Art/ Collection/ Art Object

近代 戲改晏殊詞句以贈相如 對聯
Poetic Couplet for Xiangru

Artist:
Lin Yutang (Chinese, 1895–1976)
Date:
Dated 1968
Culture:
China
Medium:
Pair of hanging scrolls; ink on paper
Dimensions:
Image (Each): 45 x 9 3/16 in. (114.3 x 23.3 cm)
Classification:
Calligraphy
Credit Line:
The Lin Yutang Family Collection, Gift of Hsiang Ju Lin, in memory of Taiyi Lin Lai, 2005
Accession Number:
2005.510.4a, b
Not on view
In this pair of hanging scrolls, Lin Yutang transcribed a famous couplet from a poem by Yan Shu (991–1055), a high-ranking official and major poet of the Northern Song period (960–1127). It reads:

No matter what, flowers die.
As if they once knew me, swallows return.

(trans. by Shi-yee Liu)

Written in Lin's typical informal manner, the calligraphy achieves an overall effect of easy grace with little regard to the articulation of individual strokes.

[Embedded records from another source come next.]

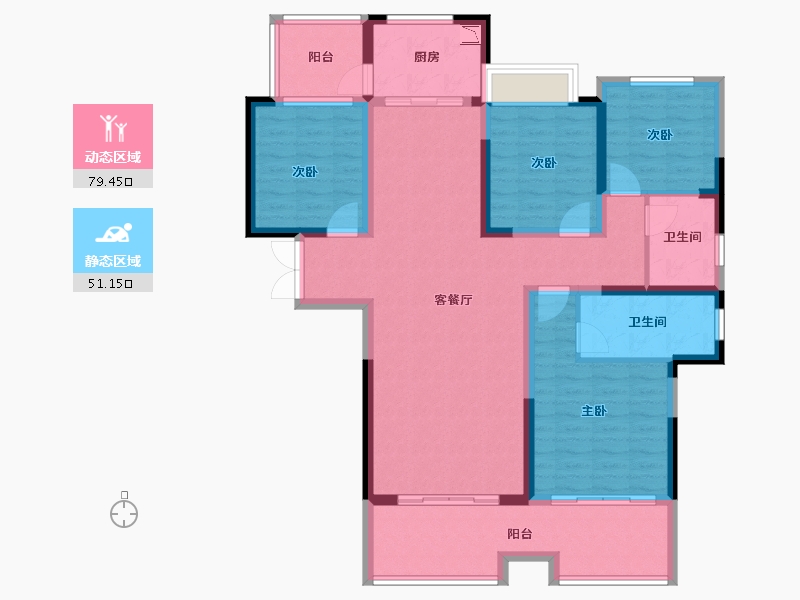 湖南省-湘潭市-湾田九华湖壹号-116.39-户型库-动静分区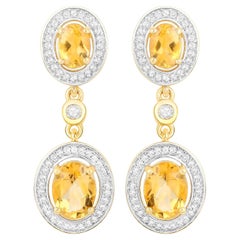 Citrine Earrings With Topazes 5.7 Carats 18K Yellow Gold Plated Sterling Silver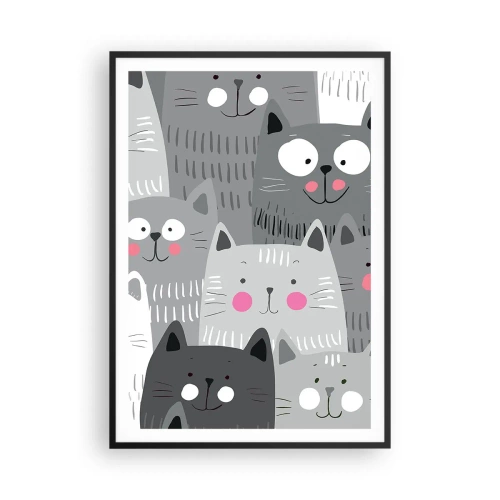 Poster in black frame - Cat's World - 70x100 cm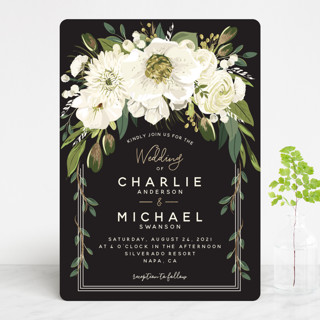 Garden Blooms Foil-Pressed Wedding Invitations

Lin Yutang dedicated this work to his third daughter, Xiangru (Hsiang Ju). The third character in the second line of the poem, xiang, corresponds to the first character of his daughter's given name; Lin cleverly personalized his gift by replacing the matching third character of the first line in the original poem, nai, with the second character of her name, ru, thus embedding her name within the fabric of the couplet. Lin's ingenious tampering with a well-known text shows the playfulness in his personality and his affectionate thoughtfulness for family members.
Inscription: Artist’s inscription and signature (3 columns in semi-cursive script)[1]

No matter what, flowers die.
As if they once knew me, swallows return.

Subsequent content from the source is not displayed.